You might argue that use of ‘data’ as a plural is fine in specialised, scientific fields. However, is that the field ONS is in? Perhaps in terms of the gathering and analysis of data, that is true. But what about the dissemination of this data? There’s the challenge.
Which begs the question, what is ONS? Is it an academic institution, a government agency or a publisher? All three, I’d say.
The Wall Street Journal decided to use the singular form of ‘data’ in 2012, because “most style guides and dictionaries have come to accept the use of the noun ‘data’ with either singular or plural verbs.”
The Oxford English Dictionary refers to ‘data’ as a “mass noun, similar to a word like information, which cannot normally have a plural and which takes a singular verb. Sentences such as ‘data was’ (as well as data were) collected over a number of years are now widely accepted in standard English.”
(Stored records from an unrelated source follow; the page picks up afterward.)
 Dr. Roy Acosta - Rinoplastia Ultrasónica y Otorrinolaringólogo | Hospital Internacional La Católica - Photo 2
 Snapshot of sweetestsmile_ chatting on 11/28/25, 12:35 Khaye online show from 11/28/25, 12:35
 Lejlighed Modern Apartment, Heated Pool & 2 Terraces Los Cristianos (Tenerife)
When the Guardian posted a piece on the topic in 2012, a user pointed out that although using the singular of ‘data’ was bad Latin, we’re not speaking Latin any more.
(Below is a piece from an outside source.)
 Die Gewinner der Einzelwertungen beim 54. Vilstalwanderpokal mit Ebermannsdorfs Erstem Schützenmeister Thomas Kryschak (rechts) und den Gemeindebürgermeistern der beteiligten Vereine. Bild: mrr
Guardian style guide guru David Marsh cites the example of the word ‘agenda’, a Latin plural now used almost universally as a singular. He described using its singular form ‘agendum’ as “hypercorrect, old-fashioned and pompous.”
The beauty of the English language is that it constantly and consistently evolves and publishers are faced with a choice over whether or not to maintain the status quo (not the band) or change to a word which has become more commonly used.
Our Style Council opted to continue referring to data as plural, the main rationale being that people were less likely to be offended.
It’s a valid point; which could be considered the lesser of two evils.
In the Style Council’s next meeting in the New Year, we hope to address that hotly-contested point concerning whether numbers under 10 should be written out in full. I anticipate much debate.
7 comments on “‘Data is’ versus ‘data are’”
Write numbers as numbers, not words (except 1/one, which does need to be handled with care) Don’t go backwards after going forward!
No reference to a front page article in the RSS newsletter several years before which concluded it was correct to use ‘data is’. It was a good analysis of why the word had changed meaning and why the singular form is now correct.
At that time my part of ONS agreed and our editorial board, which had reviewed the then current ONS Style guide in detail, proposed the ONS changed to the singular form.
History … when forgotten leads to strange effects.
I almost certainly agree, Ian – from Tunbrige Well
Would you say:
a) “We are still waiting for one more datum to come in, then the data set will be complete.” or
b) “We are still waiting for one more piece of data to come in, then the data set will be complete.” (or data item, or similar)
If a), and you genuinely use “datum” in the singular, then it’s fine to use “data” as plural.
If b) then you should be consistent about using “data” as a singular mass noun.
The rule for “fewer vs less” is quite simple, use fewer if it’s countable, e.g. Fewer dogs means less barking.
For me, the most important part of communicating with your readership is that you use language which is relevant and meaningful.
Data is the plural of datum in Latin. If I happen to have a meeting with the Emperor of Rome I’ll remember that. But otherwise I’m not speaking Latin and a language has no obligation to follow the grammatical rules of languages that it borrows words from. For example we rarely use the Latin rules for pluralisation even when using words derived from Latin.
Treating data as a plural because of the grammar of a language not spoken here in 1500 years is stuffy and old fashioned. Is that the image the ONS wants to present?